━━ Provided data ━━
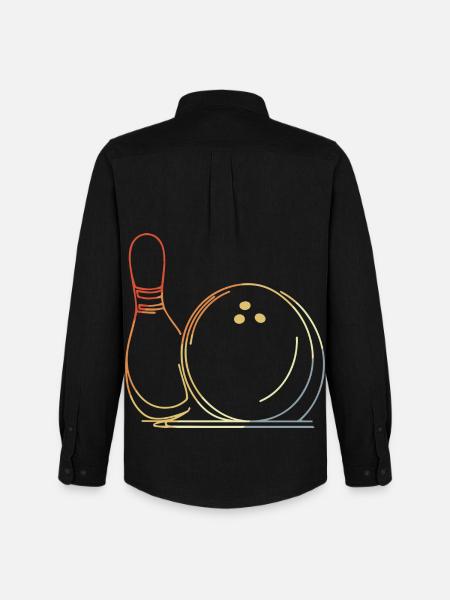Bowling Ball and Pin Sketch - Men's Oxford Shirt by Stanley/Stella - black
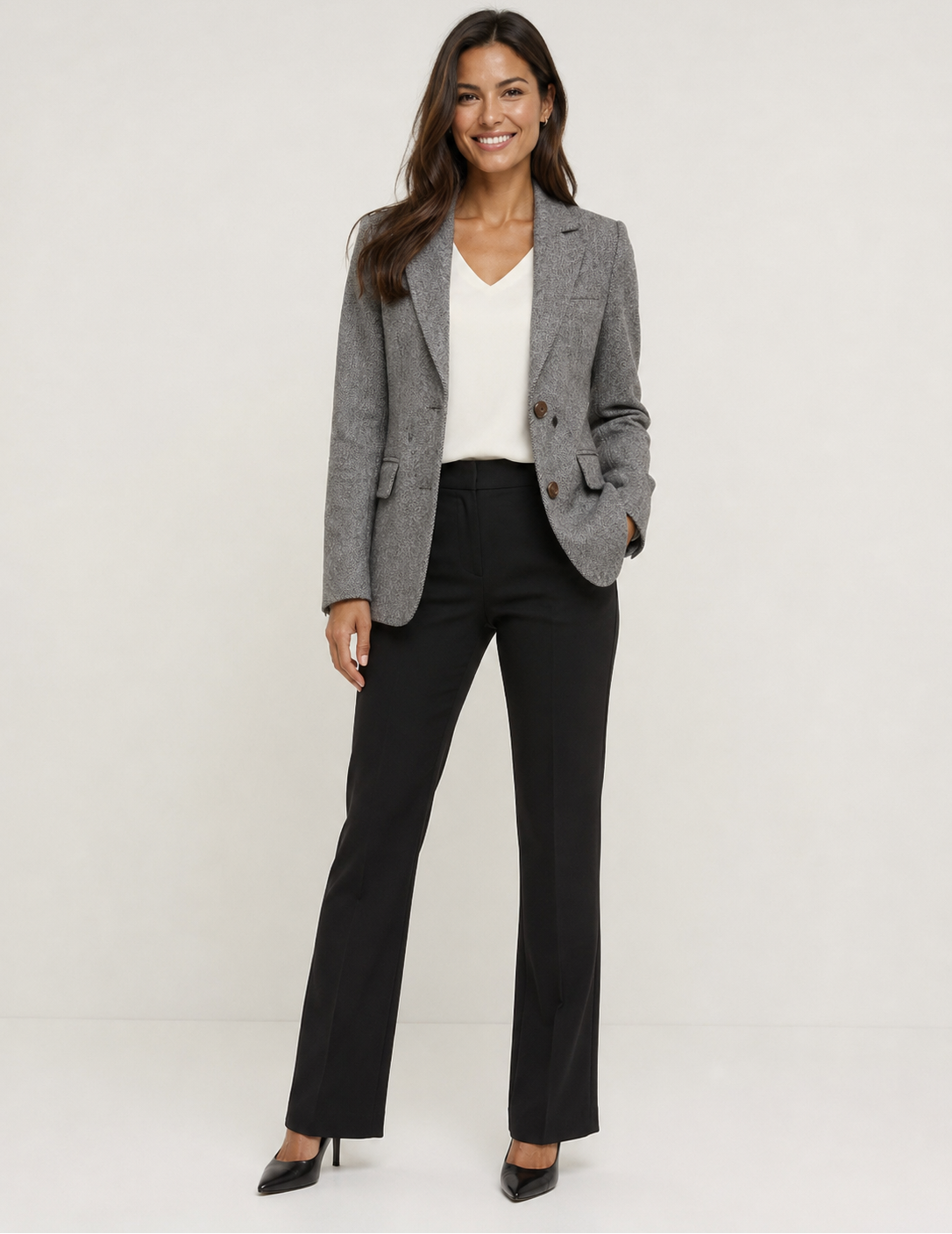 Blazer Laine Gris Femme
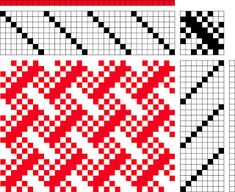 a cross stitch pattern with red and black squares on the top, bottom and bottom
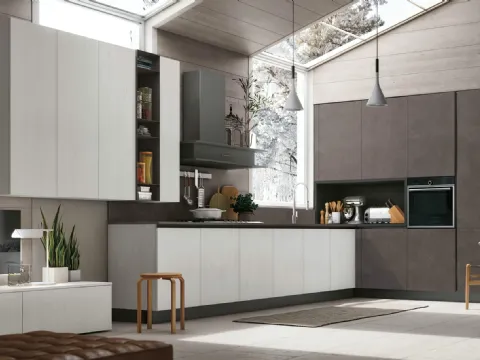 Cucina Moderne Infinity v21 in Palomino Bianco e Cemento Vulcano di Stosa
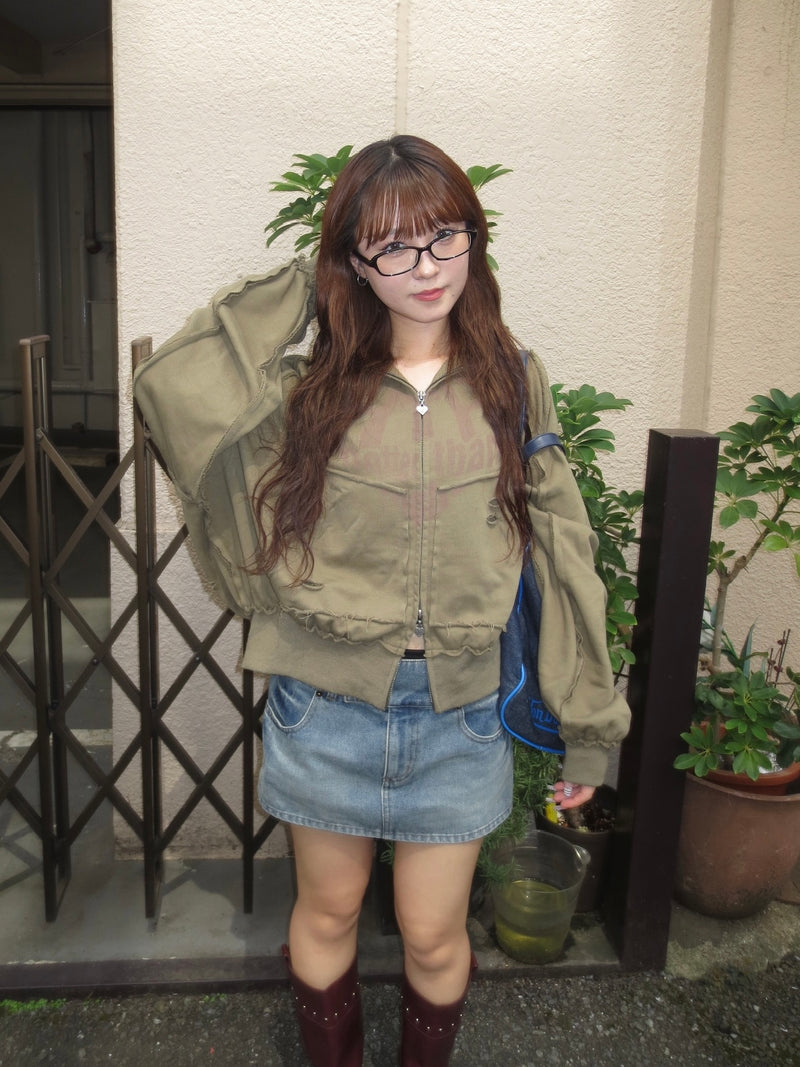 heart logo damage zip hoodie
━━━
Nothing but the lines from the one holding "Cucina Moderne Infinity" through the last line of the entries should be written out, exactly and inclusively, minus the pictures.

Task answer:
 Cucina Moderne Infinity v21 in Palomino Bianco e Cemento Vulcano di Stosa
 heart logo damage zip hoodie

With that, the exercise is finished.